### Provided material
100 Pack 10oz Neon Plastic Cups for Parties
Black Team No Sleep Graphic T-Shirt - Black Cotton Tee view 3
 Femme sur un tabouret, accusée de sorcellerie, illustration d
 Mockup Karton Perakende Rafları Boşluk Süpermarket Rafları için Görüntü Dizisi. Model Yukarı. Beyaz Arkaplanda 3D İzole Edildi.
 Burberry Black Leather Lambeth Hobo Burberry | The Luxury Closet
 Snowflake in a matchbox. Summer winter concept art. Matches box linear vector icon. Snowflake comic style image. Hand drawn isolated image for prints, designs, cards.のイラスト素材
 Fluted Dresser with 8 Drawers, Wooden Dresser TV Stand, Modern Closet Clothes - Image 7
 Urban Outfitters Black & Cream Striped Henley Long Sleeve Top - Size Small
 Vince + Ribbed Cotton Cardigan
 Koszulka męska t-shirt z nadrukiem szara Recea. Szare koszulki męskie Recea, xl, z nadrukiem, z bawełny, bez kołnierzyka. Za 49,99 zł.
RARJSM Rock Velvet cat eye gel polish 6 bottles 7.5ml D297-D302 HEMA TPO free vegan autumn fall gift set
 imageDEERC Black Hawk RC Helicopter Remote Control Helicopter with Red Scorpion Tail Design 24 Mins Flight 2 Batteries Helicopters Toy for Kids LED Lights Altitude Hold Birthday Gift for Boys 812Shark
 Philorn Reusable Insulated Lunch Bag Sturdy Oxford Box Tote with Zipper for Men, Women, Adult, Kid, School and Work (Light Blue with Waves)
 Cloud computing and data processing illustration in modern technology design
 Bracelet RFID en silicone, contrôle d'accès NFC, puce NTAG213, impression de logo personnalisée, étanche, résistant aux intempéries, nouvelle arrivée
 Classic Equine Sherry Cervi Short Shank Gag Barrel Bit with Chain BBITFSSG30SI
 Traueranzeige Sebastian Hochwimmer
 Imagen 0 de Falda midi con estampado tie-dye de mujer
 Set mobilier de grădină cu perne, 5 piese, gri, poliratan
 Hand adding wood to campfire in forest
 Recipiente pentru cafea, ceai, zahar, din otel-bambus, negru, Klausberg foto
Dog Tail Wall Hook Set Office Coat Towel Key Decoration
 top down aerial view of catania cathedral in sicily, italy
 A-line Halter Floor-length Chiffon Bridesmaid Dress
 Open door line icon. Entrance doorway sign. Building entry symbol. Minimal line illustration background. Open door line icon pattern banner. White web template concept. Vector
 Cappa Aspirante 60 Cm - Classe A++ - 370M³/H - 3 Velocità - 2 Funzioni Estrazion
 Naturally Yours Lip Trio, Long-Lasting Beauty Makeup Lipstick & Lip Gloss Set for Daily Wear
######
Your objective – Go through the listing and work out how many lines include the string "Tail". Give only the number.

Reply – 2